SUPPLIED MATERIAL:
____

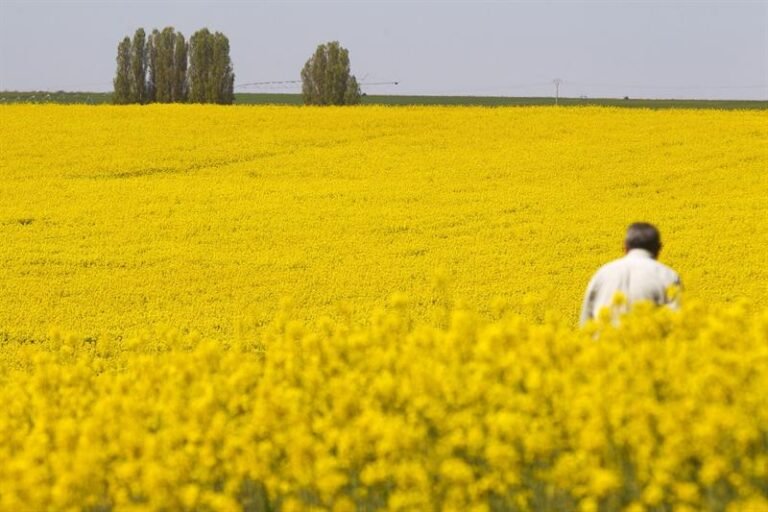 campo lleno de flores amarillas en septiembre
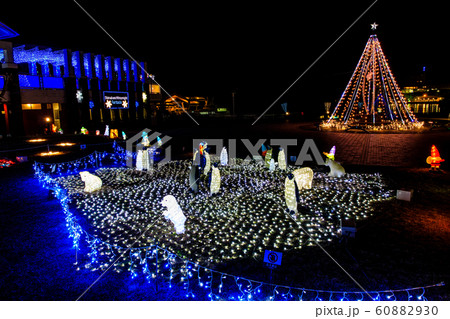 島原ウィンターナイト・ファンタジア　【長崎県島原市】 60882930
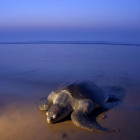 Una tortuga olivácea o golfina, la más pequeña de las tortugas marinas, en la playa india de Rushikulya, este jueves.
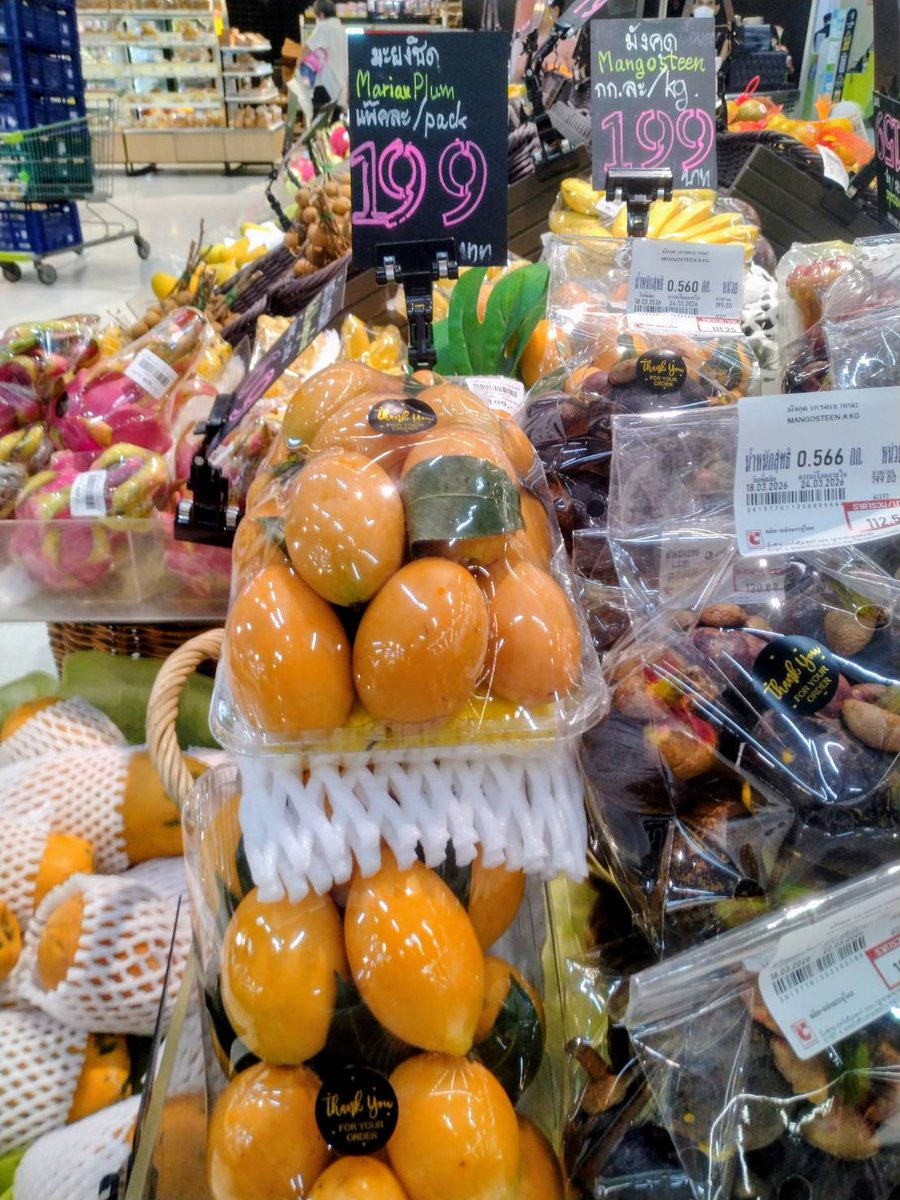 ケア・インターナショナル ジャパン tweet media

____

WHAT IS NEEDED: Skip the images and write out the rest of the listing exactly.

SOLUTION BELOW:
 campo lleno de flores amarillas en septiembre
 島原ウィンターナイト・ファンタジア　【長崎県島原市】 60882930
 Una tortuga olivácea o golfina, la más pequeña de las tortugas marinas, en la playa india de Rushikulya, este jueves.
 ケア・インターナショナル ジャパン tweet media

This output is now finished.